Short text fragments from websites
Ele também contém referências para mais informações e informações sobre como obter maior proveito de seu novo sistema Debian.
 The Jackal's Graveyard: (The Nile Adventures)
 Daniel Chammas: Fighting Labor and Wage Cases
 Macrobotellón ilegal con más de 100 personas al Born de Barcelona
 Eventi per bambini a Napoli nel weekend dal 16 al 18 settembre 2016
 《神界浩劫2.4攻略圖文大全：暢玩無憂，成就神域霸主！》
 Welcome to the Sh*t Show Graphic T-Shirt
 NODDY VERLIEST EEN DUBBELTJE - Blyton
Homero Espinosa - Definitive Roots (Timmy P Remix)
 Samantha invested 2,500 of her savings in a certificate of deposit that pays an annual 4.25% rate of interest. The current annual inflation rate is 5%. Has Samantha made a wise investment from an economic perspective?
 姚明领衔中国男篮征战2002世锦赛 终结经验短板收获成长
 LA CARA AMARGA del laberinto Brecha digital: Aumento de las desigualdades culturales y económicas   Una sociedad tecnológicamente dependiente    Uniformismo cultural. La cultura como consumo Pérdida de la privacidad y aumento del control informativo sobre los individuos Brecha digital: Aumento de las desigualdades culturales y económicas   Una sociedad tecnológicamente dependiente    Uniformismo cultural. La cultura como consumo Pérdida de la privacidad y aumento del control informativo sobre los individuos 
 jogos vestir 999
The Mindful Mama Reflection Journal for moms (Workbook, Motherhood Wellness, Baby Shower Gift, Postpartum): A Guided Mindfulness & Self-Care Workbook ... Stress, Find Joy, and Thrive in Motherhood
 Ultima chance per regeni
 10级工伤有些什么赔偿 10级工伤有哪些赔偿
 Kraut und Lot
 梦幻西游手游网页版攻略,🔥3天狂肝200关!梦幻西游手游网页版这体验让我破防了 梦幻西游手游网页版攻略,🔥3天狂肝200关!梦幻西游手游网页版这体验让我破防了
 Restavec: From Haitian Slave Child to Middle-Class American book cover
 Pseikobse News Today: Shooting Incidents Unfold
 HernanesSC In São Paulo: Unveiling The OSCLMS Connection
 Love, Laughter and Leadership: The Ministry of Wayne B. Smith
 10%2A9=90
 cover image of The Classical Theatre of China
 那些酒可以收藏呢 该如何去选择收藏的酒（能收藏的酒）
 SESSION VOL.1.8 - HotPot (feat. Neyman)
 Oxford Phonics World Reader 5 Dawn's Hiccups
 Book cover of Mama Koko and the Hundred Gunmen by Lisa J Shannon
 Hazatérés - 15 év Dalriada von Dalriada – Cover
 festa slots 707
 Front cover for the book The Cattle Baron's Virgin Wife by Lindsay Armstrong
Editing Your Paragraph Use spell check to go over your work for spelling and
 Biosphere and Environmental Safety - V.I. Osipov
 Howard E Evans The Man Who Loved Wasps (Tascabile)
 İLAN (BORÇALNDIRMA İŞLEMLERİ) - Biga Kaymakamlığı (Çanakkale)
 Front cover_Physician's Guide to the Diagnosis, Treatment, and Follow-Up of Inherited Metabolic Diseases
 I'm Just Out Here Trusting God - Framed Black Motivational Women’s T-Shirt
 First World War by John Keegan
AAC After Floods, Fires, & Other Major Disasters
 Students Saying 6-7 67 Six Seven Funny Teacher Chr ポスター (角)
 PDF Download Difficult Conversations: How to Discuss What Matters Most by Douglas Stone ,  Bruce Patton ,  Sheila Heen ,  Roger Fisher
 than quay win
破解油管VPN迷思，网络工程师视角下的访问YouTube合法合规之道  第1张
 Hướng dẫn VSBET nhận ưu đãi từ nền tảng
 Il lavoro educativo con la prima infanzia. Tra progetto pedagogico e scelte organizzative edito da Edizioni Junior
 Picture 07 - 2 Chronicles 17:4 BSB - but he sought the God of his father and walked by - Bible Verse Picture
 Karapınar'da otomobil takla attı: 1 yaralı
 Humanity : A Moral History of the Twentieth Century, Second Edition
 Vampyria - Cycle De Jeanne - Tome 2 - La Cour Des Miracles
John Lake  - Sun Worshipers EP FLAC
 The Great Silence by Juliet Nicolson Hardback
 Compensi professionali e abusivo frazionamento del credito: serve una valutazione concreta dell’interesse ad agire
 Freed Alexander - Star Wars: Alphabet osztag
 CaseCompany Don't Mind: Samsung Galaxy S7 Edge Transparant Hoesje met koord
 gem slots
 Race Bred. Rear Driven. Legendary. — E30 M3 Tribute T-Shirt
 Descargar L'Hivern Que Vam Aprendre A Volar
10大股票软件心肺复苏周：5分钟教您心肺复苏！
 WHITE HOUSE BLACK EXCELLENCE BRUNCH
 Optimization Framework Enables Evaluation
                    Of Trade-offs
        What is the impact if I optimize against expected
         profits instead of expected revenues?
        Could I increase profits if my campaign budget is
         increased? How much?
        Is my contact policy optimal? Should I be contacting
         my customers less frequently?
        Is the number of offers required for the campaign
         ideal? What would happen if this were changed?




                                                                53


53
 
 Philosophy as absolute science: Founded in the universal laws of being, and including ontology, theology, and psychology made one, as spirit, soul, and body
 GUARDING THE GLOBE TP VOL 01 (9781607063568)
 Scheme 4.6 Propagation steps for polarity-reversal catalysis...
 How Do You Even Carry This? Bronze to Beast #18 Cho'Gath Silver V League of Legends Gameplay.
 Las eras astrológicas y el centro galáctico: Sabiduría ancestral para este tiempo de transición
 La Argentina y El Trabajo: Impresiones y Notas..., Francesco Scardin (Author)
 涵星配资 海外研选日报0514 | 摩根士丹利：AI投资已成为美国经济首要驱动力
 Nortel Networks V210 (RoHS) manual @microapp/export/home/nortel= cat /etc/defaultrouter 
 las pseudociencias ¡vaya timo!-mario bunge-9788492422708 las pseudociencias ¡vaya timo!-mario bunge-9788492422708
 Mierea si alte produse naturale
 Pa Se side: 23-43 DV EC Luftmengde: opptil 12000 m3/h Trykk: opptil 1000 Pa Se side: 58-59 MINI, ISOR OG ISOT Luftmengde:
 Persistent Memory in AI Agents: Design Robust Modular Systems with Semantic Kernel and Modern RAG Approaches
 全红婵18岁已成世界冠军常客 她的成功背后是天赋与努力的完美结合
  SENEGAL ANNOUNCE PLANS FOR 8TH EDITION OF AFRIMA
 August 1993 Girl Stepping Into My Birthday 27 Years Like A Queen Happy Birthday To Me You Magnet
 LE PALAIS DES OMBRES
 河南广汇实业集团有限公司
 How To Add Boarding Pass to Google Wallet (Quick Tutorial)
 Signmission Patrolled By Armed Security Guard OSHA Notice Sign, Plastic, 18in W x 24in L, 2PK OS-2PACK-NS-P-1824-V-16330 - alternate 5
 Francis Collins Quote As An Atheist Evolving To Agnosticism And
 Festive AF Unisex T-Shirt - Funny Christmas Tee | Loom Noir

### [Task statement]
Starting at the line above that holds "10大股票软件心肺复苏周：5分钟教您心肺复苏！" and ending at the line that holds "Scheme 4.6 Propagation", transcribe each line exactly and include no other lines.

### [Response box]
10大股票软件心肺复苏周：5分钟教您心肺复苏！
 WHITE HOUSE BLACK EXCELLENCE BRUNCH
 Optimization Framework Enables Evaluation
                    Of Trade-offs
        What is the impact if I optimize against expected
         profits instead of expected revenues?
        Could I increase profits if my campaign budget is
         increased? How much?
        Is my contact policy optimal? Should I be contacting
         my customers less frequently?
        Is the number of offers required for the campaign
         ideal? What would happen if this were changed?




                                                                53


53
 
 Philosophy as absolute science: Founded in the universal laws of being, and including ontology, theology, and psychology made one, as spirit, soul, and body
 GUARDING THE GLOBE TP VOL 01 (9781607063568)
 Scheme 4.6 Propagation steps for polarity-reversal catalysis...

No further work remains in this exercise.